We’re releasing Zebra 4.5.1 immediately. This launch comprises a repair for a consensus-critical safety vulnerability, and we strongly encourage all node operators to improve instantly.
Word that 4.5.0 was launched yesterday, so when you have simply up to date, sadly you will have to replace once more.
Safety Advisories
GHSA-2prc-cj5x-4443: P2SH Sigop Undercount Not Appropriately Fastened (Vital)
The repair for GHSA-gf9r-m956-97qx was not right; the sigop counting was mounted by switching to a pure C++ implementation which ought to match zcashd implementation. Nevertheless the actual perform used counted sigops in “legacy” mode, however for consensus, an correct rely is required. Thus the opportunity of a consensus divergence nonetheless existed.

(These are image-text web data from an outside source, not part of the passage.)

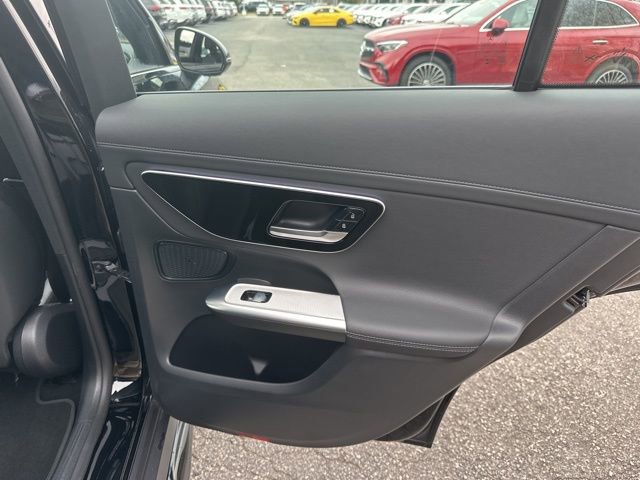 Certified 2026 Mercedes-Benz GLC 43 AMG GLC 43 AMG image 32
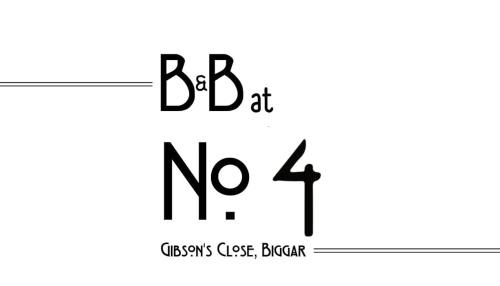 Biggar Bed & Breakfast | Experience Comfort at B&B at No 4: Rated 9/10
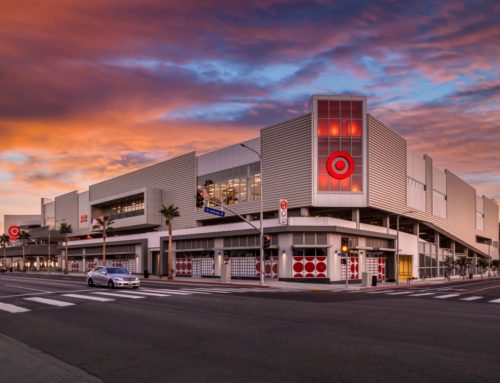 Target Sunset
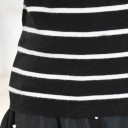 Women's Striped Jumper 4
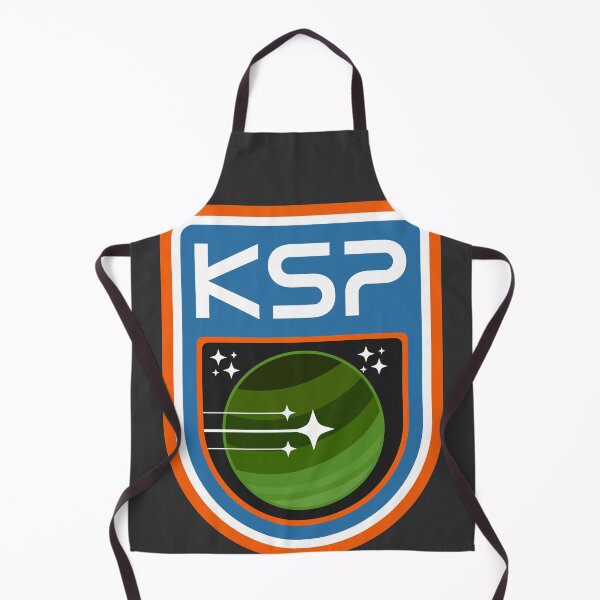 Item preview, Programa espacial Kerbal - Jool designed and sold by BRU Design.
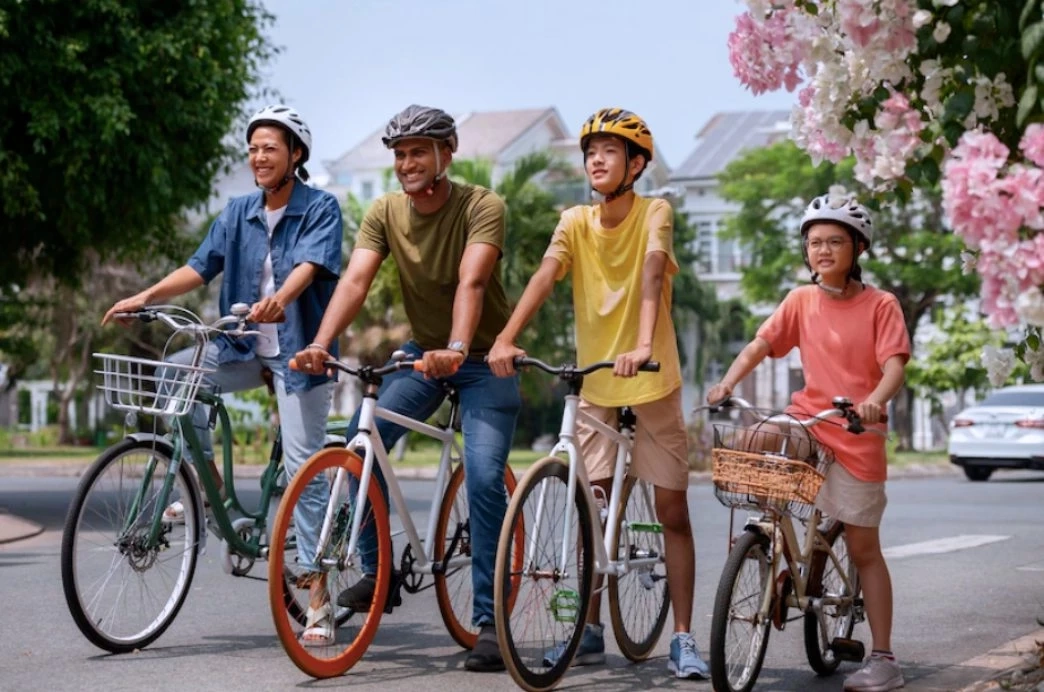 เปิดที่มา ‘Car Free Day’ กับอุปสรรค-โอกาส-อนาคตของกรุงเทพฯ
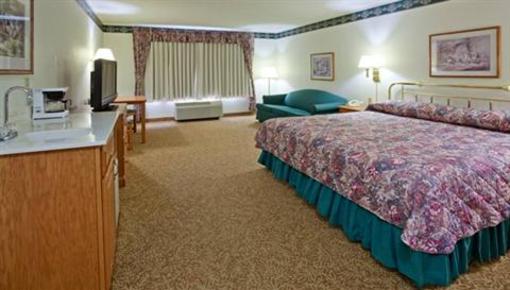 фото отеля Country Inn By Carlson, Detroit Lakes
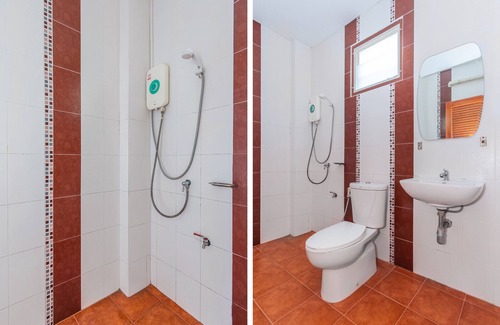 Phetchaburi Hotel | OYO 628 Dao Krajang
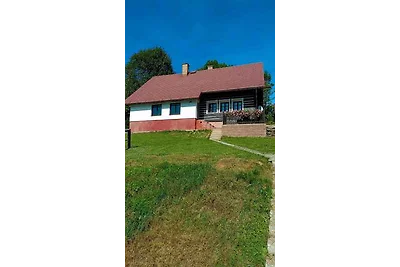 Casa vacanze Vacanza di relax Starkov
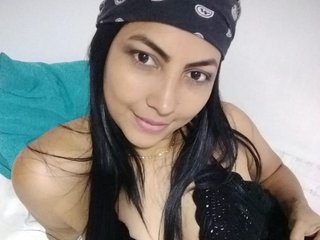 Erotischer Video-Chat mayariza21x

We mounted this by reverting to the Rust implementation beforehand used, however mounted the unique discrepancy that it had (it stopped counting sigops when it encountered a disabled opcode, nevertheless it ought to preserve counting).
Because of @sangsoo-osec for reporting this situation.
Upgrading
We strongly advocate all Zebra node operators improve to 4.5.1 as quickly as doable, because of the consensus vulnerability described above. There aren’t any identified workarounds — upgrading is the one approach to make sure your node stays on the proper chain and is protected towards the problems listed on this launch. You’ll find the discharge on GitHub.
Acknowledgments
Thanks @sangsoo-osec for shortly figuring out the problem.
Zebra is the Zcash Basis’s impartial, Rust-based implementation of the Zcash protocol. Study extra at github.com/ZcashFoundation/zebra.